Two months of summer reading brought together because, you know, things. Only some of which are books. July started with a fresh attempt – my third, I think – at Richard Beard’s The Day That Went Missing, subtitled A Family Memoir. Why did it take me three goes to get into? Because, frankly, it is a fucking hard book to read. It’s a writer’s response to some ancient family history: the death, by drowning, on a family holiday, of Beard’s younger brother, Nicholas – made more devastating for Richard, eleven years old to Nicholas’s nine, by the fact that he was only the witness, only just managing to save himself from the same deceptive tides on a Cornish beach that swept Nicholas out of his depth.

And made more devastating, over the years, by the decision of Beard’s father to wipe the tragedy out of the family narrative. Over the next forty years Nicholas was barely spoken of, represented by a single photograph in the family home, his few belongings relegated to a box somewhere in the attic.
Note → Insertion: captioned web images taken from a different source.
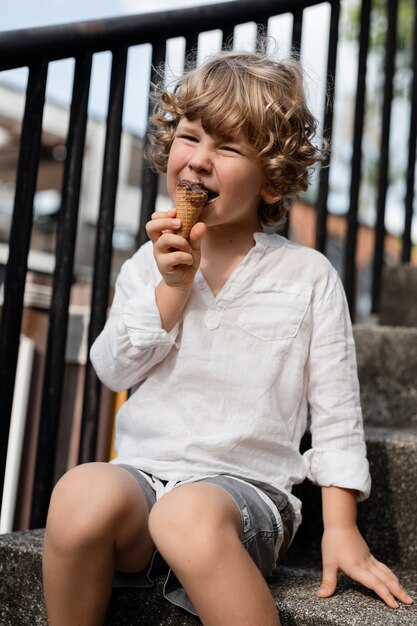 Вид сбоку милый ребенок ест мороженое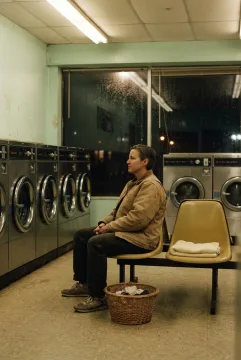 Solitary visitor sitting in a 1970s coin laundry at night beside chrome washing machines, mustard plastic chairs, and rain-streaked windows.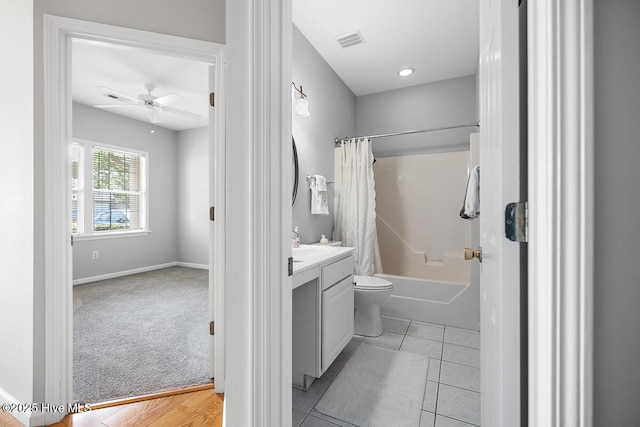 826 Shelton Ct, Wilmington, NC 28412 - bathroom with shower / bath combo with shower curtain, vanity, a ceiling fan, and tile patterned floors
If this sounds like English repression taken to psychotic lengths, try this for size: after returning to Swindon to bury Nicholas, the family drove back to the rented farm house in Cornwall to finish their holiday. It was booked and paid for, after all.
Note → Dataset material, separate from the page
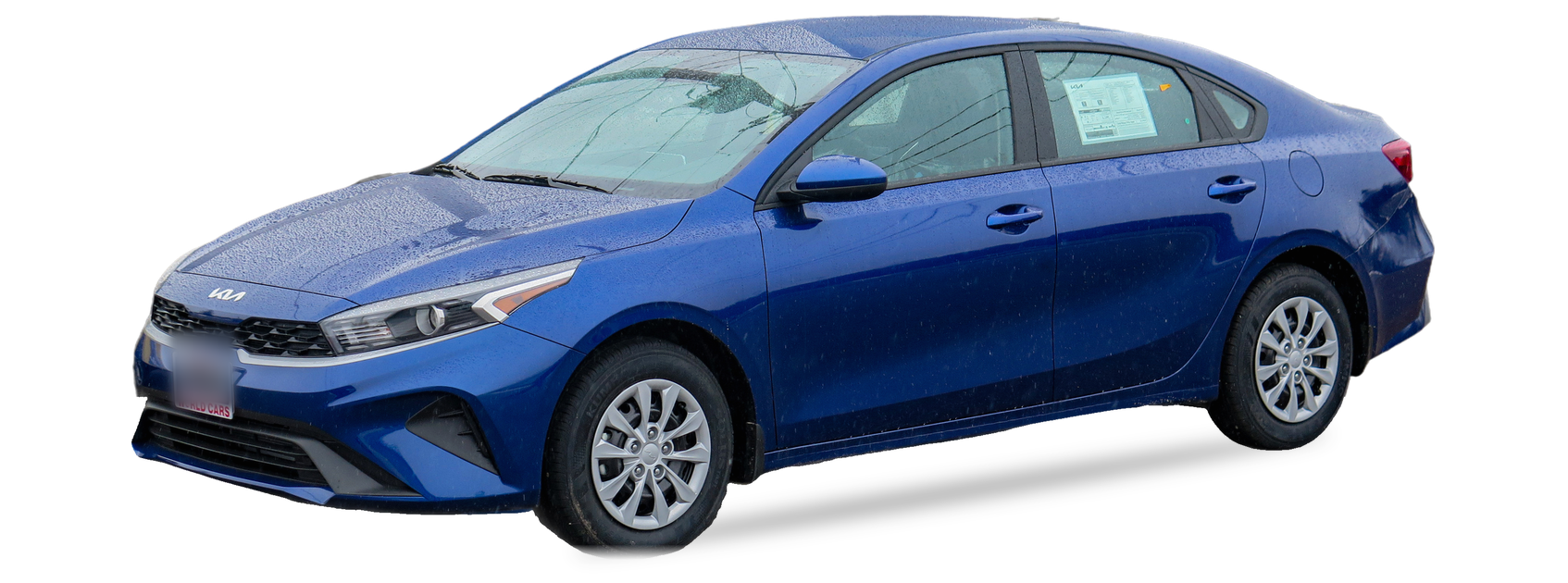 Blue Kia Forte (third generation) sedan, front three-quarter view, with the VIN locations marked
It’s not these awful aspects of the situation that make the book so hard to read, though. They are traits that can be analysed, contextualised, built out from. It is the insistence of Beard on returning again and again to the ‘primal scene’ of the drowning, trying to work out what happened, trying to investigate his own guilt: could he have saved him? If Beard’s father set out to deny this moment as a survival technique, then Beard insists on looking. He insists on us looking too. It’s that that makes the book at times excruciating to read. That and the way the surviving family members (not his father, he died: “I haven’t mourned him, and I didn’t cry at his funeral,” Beard writes… “A lesson he taught me himself”) are actually, eventually, willing to talk about Nicholas, and his death, now, forty years on. Perhaps, you think, all that denial was not needed. Clearly, this was a book that Beard had to write, in some sense (he talks about the dead little brothers that have cropped up in his fiction), but in another sense it was a book that didn’t have to be written at all, or wouldn’t have had to be written, if Beard’s father hadn’t been a particular kind of Englishman.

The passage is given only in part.